Viewed from this standpoint, it is easy to see why GCMs continue to have difficulty simulating observed convective variability. Historically, cumulus parameterization has focused on individual deep convective cells (the second building block) and devoted less effort to the earlier shallow/congestus and later stratiform phases. It was believed that deep convection interacted weakly with the environment around it, and thus that how humid the troposphere is mattered little. Several papers have made clear, though, that the depth and organization of convection is quite sensitive to the humidity of the environment. Ignoring this sensitivity may explain why current climate models incorrectly simulate the diurnal cycle of continental precipitation and major modes of tropical variability such as the Madden-Julian Oscillation. It may also explain why high cloud and water vapor feedbacks are similar in the models – we are all making the same mistakes.

Modelers are now beginning to pay attention to the other two building blocks of convection. In recent years there has been a renewed emphasis on the entrainment of environmental air into convective updrafts. GCM simulations can sometimes be improved merely by strengthening a specified entrainment rate, but a predictive capability for climate change necessitates a physically based representation of entrainment that responds to changes in the environment and the properties of the convective parcel. Several such formulations have been proposed and implemented in CMIP5 models (GISS, MIROC), but fundamental observational constraints on the entrainment process remain elusive.

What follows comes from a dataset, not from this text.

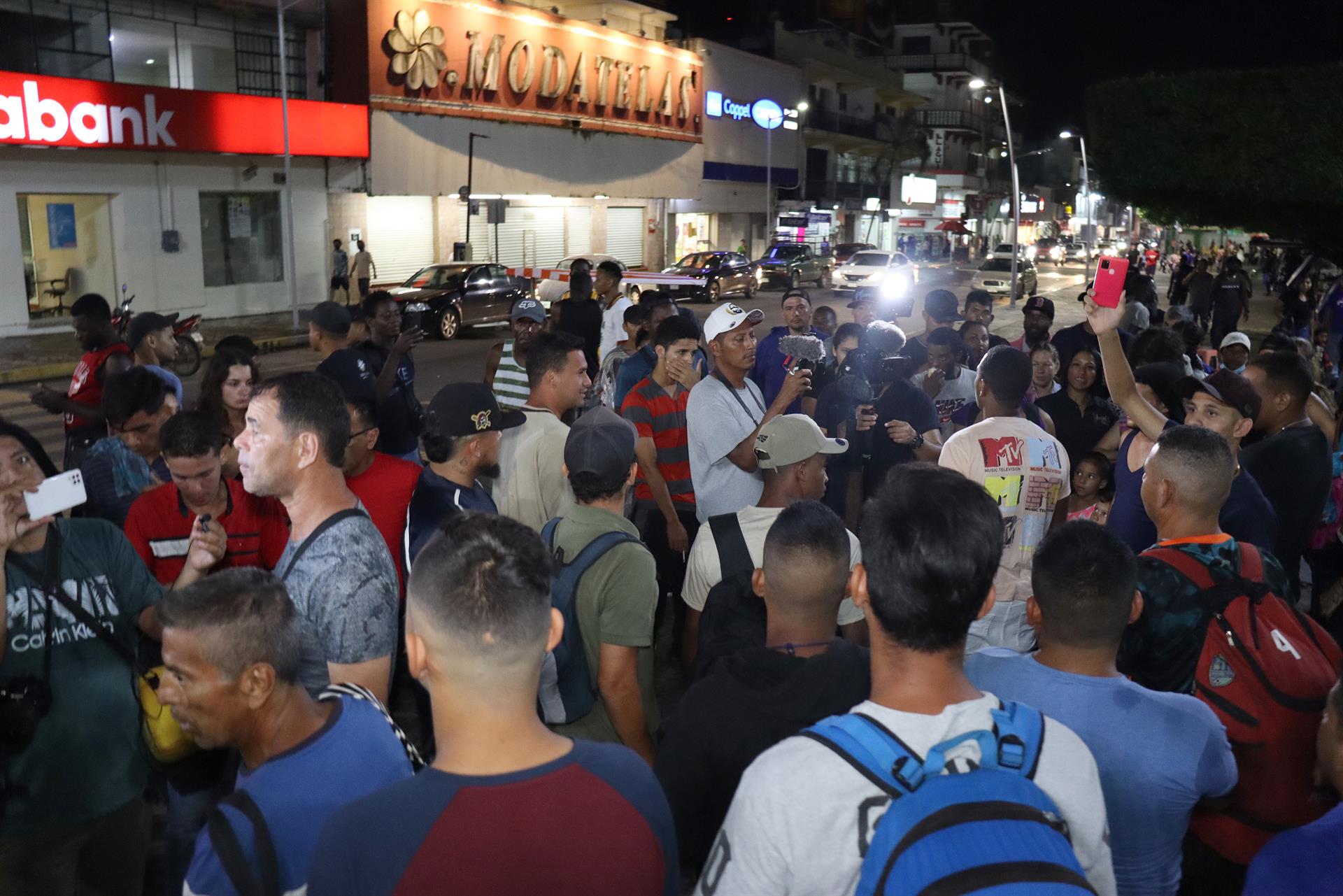 Agentes mexicanos dispersaron en Tapachula caravana de migrantes que incluía venezolanos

Not only does the environment affect convection, but convection modifies the environment as well through the evaporation of falling precipitation. Models with stronger entrainment and rain evaporation have a stronger variation in mid-troposphere humidity between lightly and heavily raining situations (Figure 1), consistent with ARM soundings at Nauru Island analyzed by Christopher Holloway and David Neelin. For many models this is a predictor of whether the model simulates the Madden-Julian Oscillation well. Such models are better able to produce shallow convection when the column is dry and moistens the atmosphere rather than raining heavily and drying it immediately, thus delaying the onset of disturbed conditions.

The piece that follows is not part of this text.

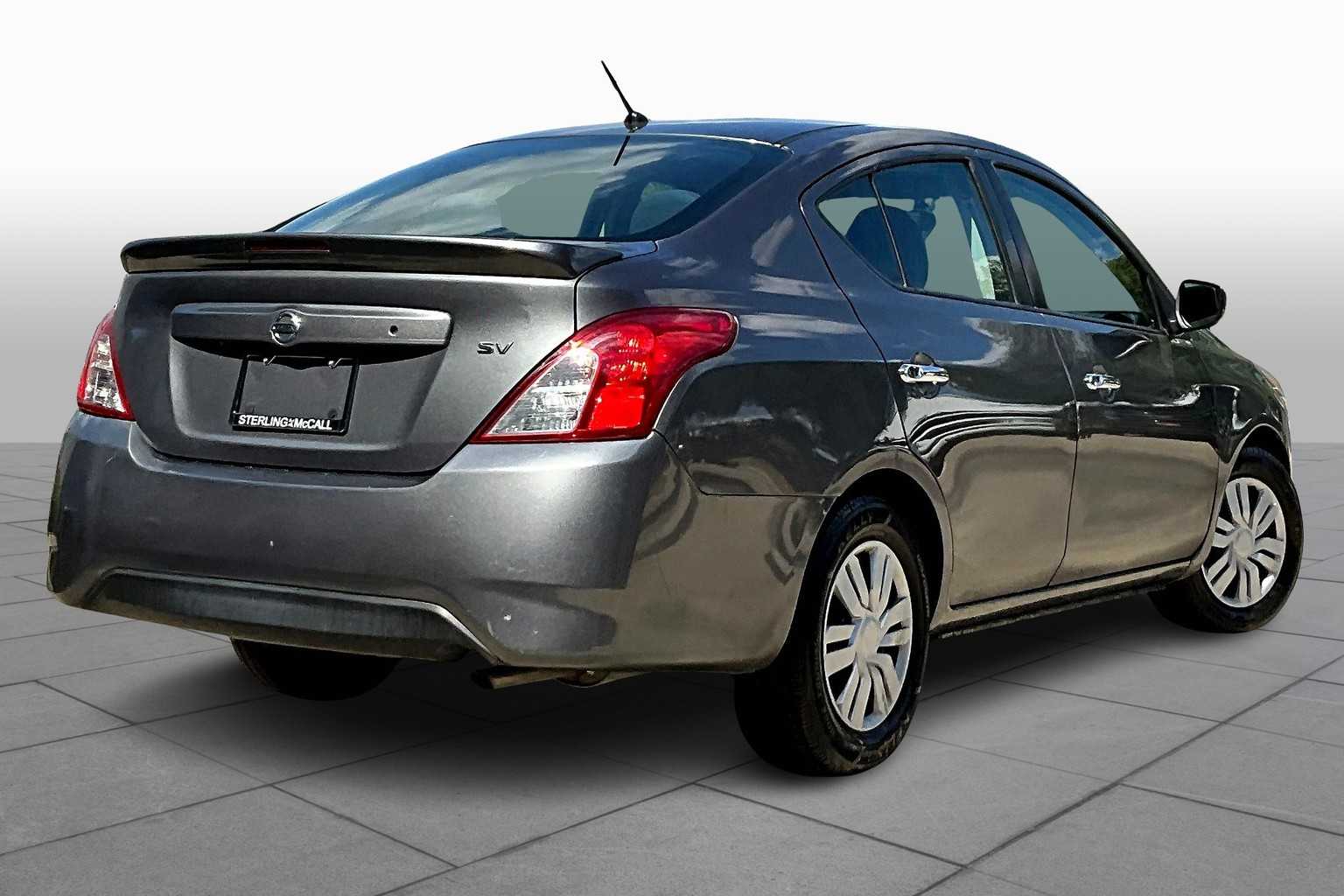 2019 Nissan Versa SV - 10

Improving the GCM diurnal cycle of precipitation also depends on entrainment, since GCMs rain too early in the day, but entrainment alone does not solve the problem. The missing ingredient is mesoscale organization of convection. GCM downdraft parameterizations immediately mix cool downdraft air with undisturbed warm moist boundary layer air, thus stabilizing the column and shutting down the convection. In reality, downdraft cold pools remain distinct for hours and lift undisturbed boundary layer air at their edges, promoting further deep convection. In cloud-resolving models the air around the updraft is more humid than the average environment (Figure 2), making deep convection more likely. Furthermore, convective air that detrains into a humid upper troposphere is more likely to organize on the mesoscale, shifting the diurnal cycle peak to later times.

ASR science has much to contribute to these research frontiers. Recent ARM field experiments such as MC3E and AMIE, and continued analysis of the TWP-ICE and AMMA data sets, promise to produce important insights that will help modelers advance the state of the art in cumulus parameterization.